Summary: v2 Feature Matrix

Feature	v1 (Current)	v2 (Proposed)	Benefit
Spawn constraints	Timeout only	Memory, cost, quota, tool whitelist	Resource safety
Skill isolation	Trust-based	Sandboxed with capabilities	Security
Communication	One-way	Bidirectional request/response	Adaptive execution
Termination	Time-based	Multi-condition (resource, stuck, cost)	Cost control
Post-mortem	Success-only	Full lifecycle tracking + analytics	Continuous learning

Current mitigation strategies:

Manual monitoring (watch logs, intervene when needed)
Conservative estimates (over-specify context, pad timeouts)
Pattern discipline (follow templates strictly to avoid known failure modes)
Human-in-loop (approve expensive spawns, review failures manually)

v2 would enable:

Autonomous resource management (agents self-limit)
Higher confidence spawning (better failure prediction)
Faster iteration (learn from failures automatically)
Fine-grained security (per-spawn, per-skill isolation)

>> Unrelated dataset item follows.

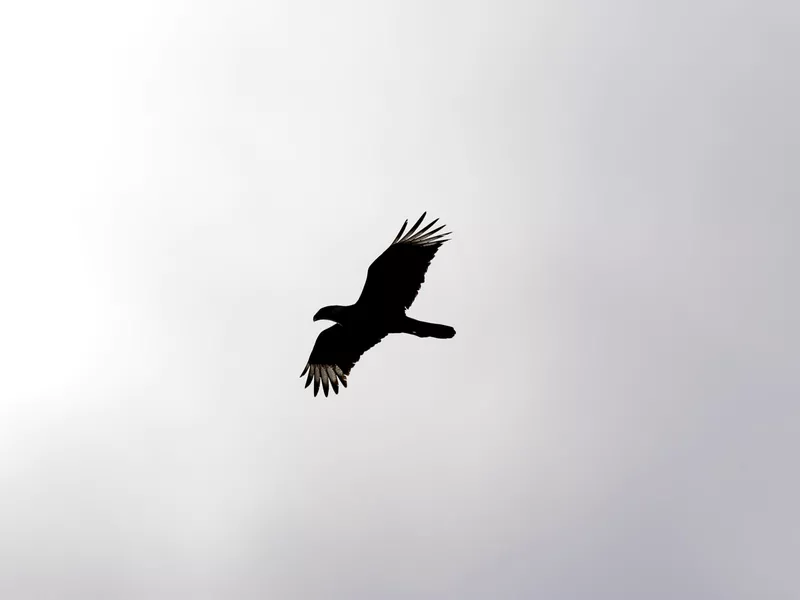 Crested Caracara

Note for users: These limitations affect all subagent patterns in this skill. The patterns documented here (security-proxy, researcher, phased-impl, peer-review) work within current framework constraints. v2 improvements would enhance safety and reliability, but are not required for effective use of these patterns today.

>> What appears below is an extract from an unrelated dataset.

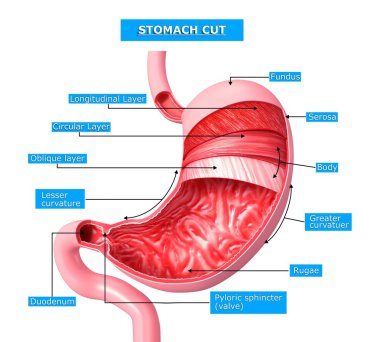 stomach cut section clipart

Tracking: OpenClaw framework issue (conceptual - not filed yet) Credit: Agent Smith (EasyClaw peer review, 2026-02-22)

Examples

Example 1: Security-First API Integration

Scenario: Integrate with untrusted social network API

// Main agent receives request
const task = "Fetch user's posts from SocialNetworkX API"

// Security proxy pattern
const proxy = await spawnSubagent({
  label: "proxy-socialnetworkx",
  pattern: "security-proxy",
  task: "Query SocialNetworkX API for user posts, return sanitized JSON",
  context: {
    query: "user:$USERNAME, limit:10"
    // NO API keys, NO workspace paths
  },
  tools_allowed: ["exec:curl"],
  timeout_minutes: 5,
  auto_terminate: true
})

// proxy returns: [{username, timestamp, content}] - sanitized
// Main agent: Safe to process, no raw API exposure

Example 2: Multi-Perspective Research

Scenario: Evaluate whether to adopt new framework

// Spawn 3 researchers with different biases
const researchers = await Promise.all([
  spawnSubagent({
    label: "researcher-optimist",
    pattern: "researcher-specialist",
    task: "Research FrameworkX benefits, best-case adoption scenario",
    personality: "Optimistic, highlights opportunities"
  }),
  
  spawnSubagent({
    label: "researcher-pessimist",
    pattern: "researcher-specialist",
    task: "Research FrameworkX risks, failure modes, known issues",
    personality: "Skeptical, risk-focused"
  }),
  
  spawnSubagent({
    label: "researcher-pragmatist",
    pattern: "researcher-specialist",
    task: "Research FrameworkX current state, real-world adoption data",
    personality: "Pragmatic, data-driven"
  })
])

// Synthesize: Balanced view with decision criteria
const decision = synthesizeResearch(researchers.map(r => r.findings))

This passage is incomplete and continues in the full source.